Input data |
——

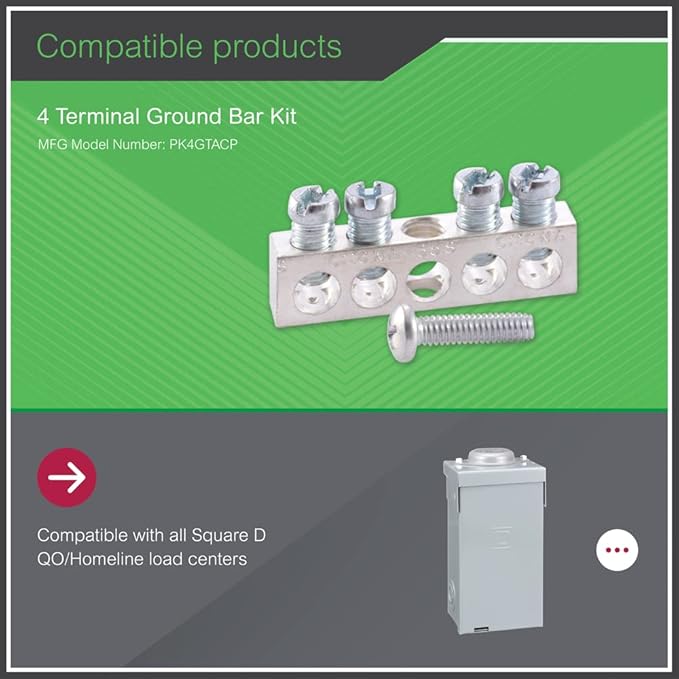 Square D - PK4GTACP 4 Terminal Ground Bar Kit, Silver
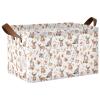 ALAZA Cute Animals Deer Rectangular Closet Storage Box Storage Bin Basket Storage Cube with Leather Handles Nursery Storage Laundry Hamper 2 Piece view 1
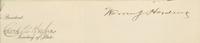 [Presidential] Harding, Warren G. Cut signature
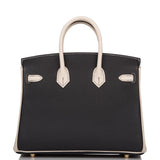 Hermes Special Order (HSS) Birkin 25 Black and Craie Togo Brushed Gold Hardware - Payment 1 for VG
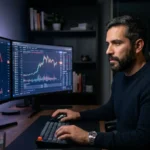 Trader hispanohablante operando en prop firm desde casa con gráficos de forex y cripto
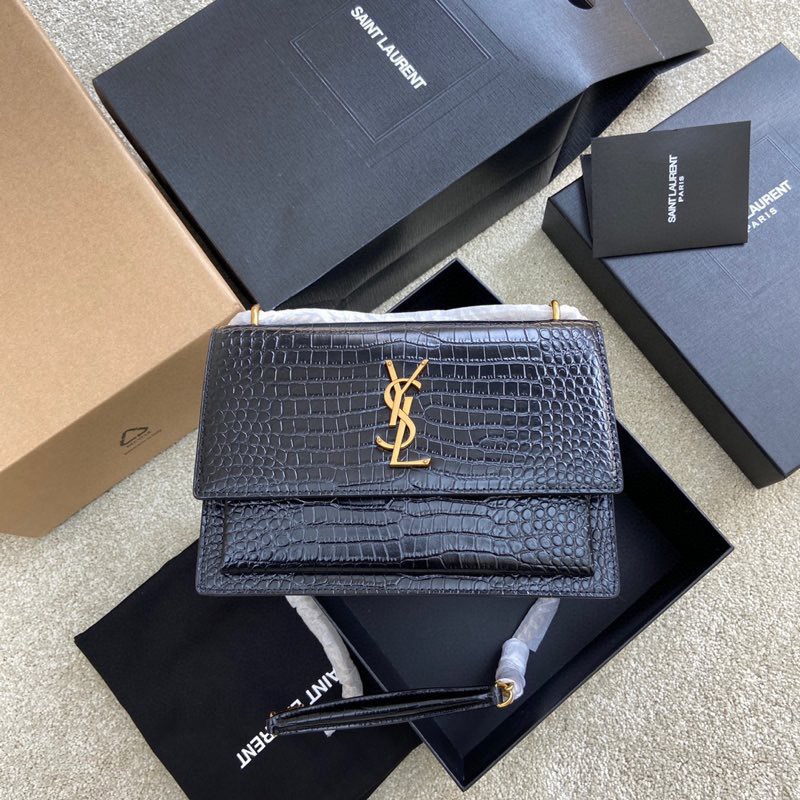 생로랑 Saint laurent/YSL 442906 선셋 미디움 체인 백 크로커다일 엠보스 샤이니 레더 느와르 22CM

——

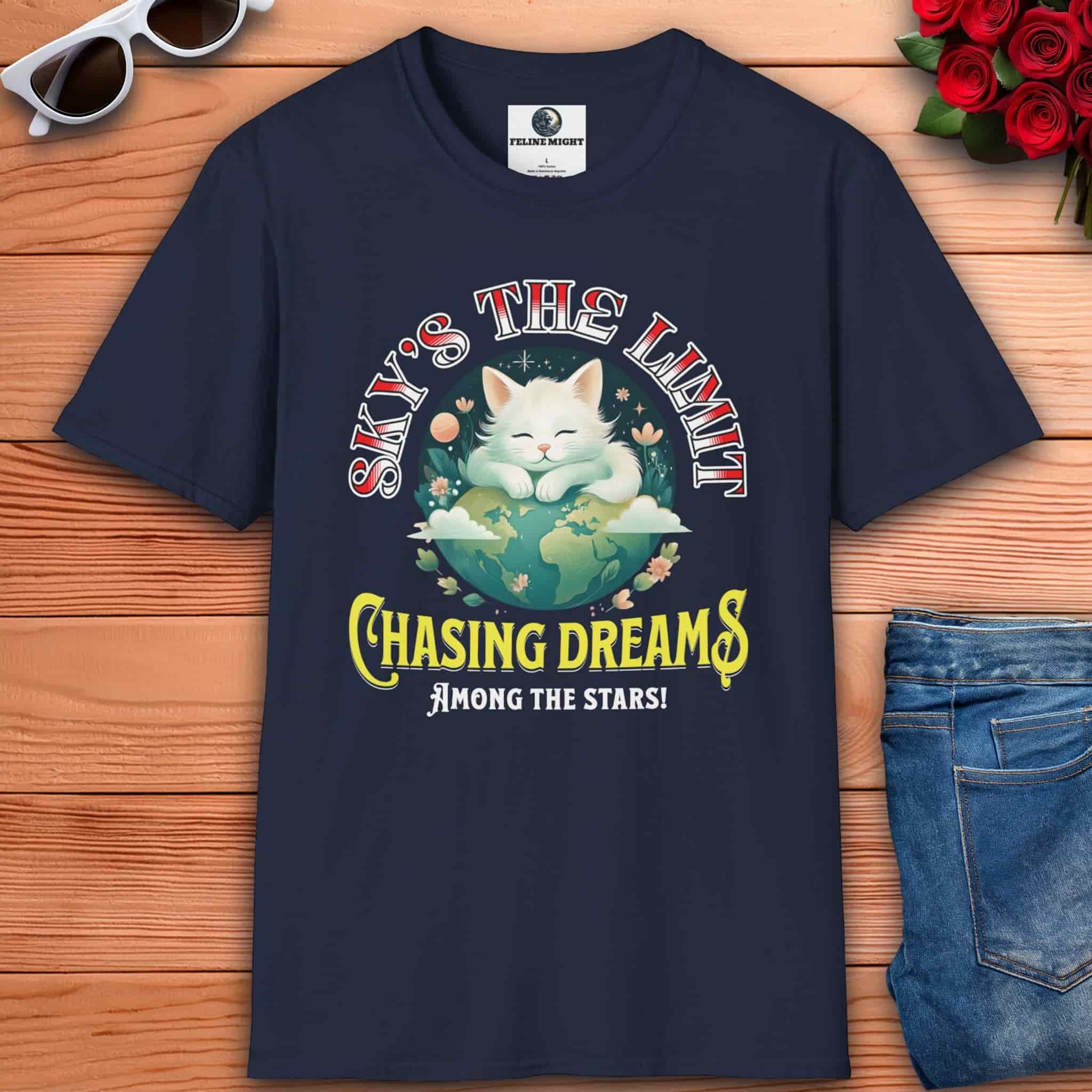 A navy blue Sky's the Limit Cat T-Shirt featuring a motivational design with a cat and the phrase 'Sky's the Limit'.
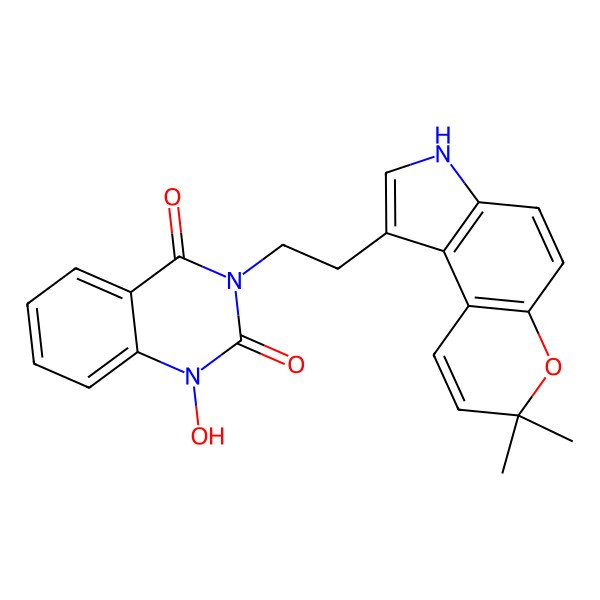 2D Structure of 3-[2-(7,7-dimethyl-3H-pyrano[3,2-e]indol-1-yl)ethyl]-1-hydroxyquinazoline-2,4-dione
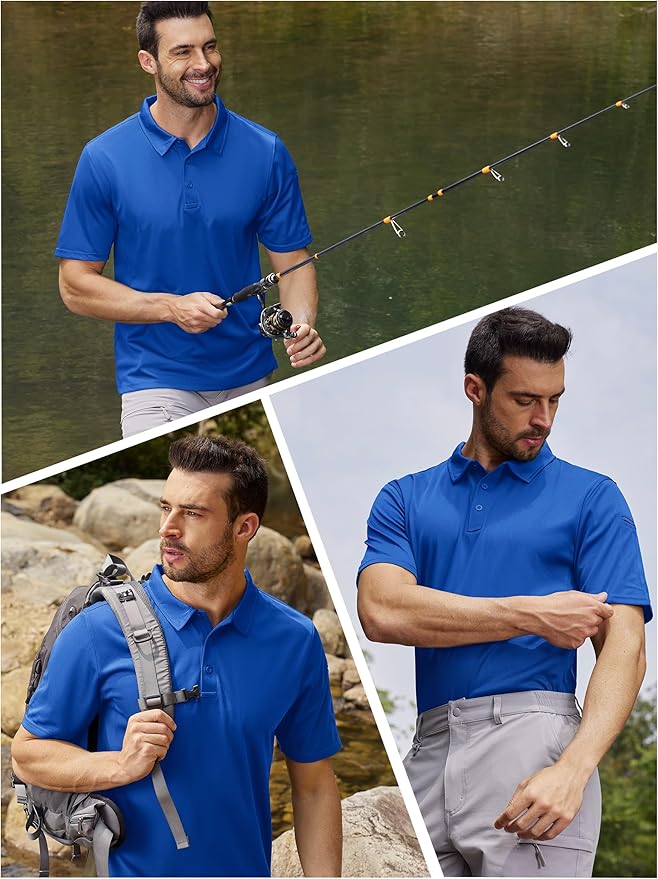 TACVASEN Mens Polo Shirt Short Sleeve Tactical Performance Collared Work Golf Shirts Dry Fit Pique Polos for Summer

——

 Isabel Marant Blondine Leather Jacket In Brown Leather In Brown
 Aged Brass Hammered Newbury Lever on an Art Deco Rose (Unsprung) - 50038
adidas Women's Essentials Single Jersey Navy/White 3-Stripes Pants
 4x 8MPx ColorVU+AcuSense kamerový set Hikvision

——

What to do | Output only the stretch above from the line with "Hermes Special Order" through the line with "생로랑 Saint laurent/YSL", reproduced exactly. Exclude pictures.

Solution |
 Hermes Special Order (HSS) Birkin 25 Black and Craie Togo Brushed Gold Hardware - Payment 1 for VG
 Trader hispanohablante operando en prop firm desde casa con gráficos de forex y cripto
 생로랑 Saint laurent/YSL 442906 선셋 미디움 체인 백 크로커다일 엠보스 샤이니 레더 느와르 22CM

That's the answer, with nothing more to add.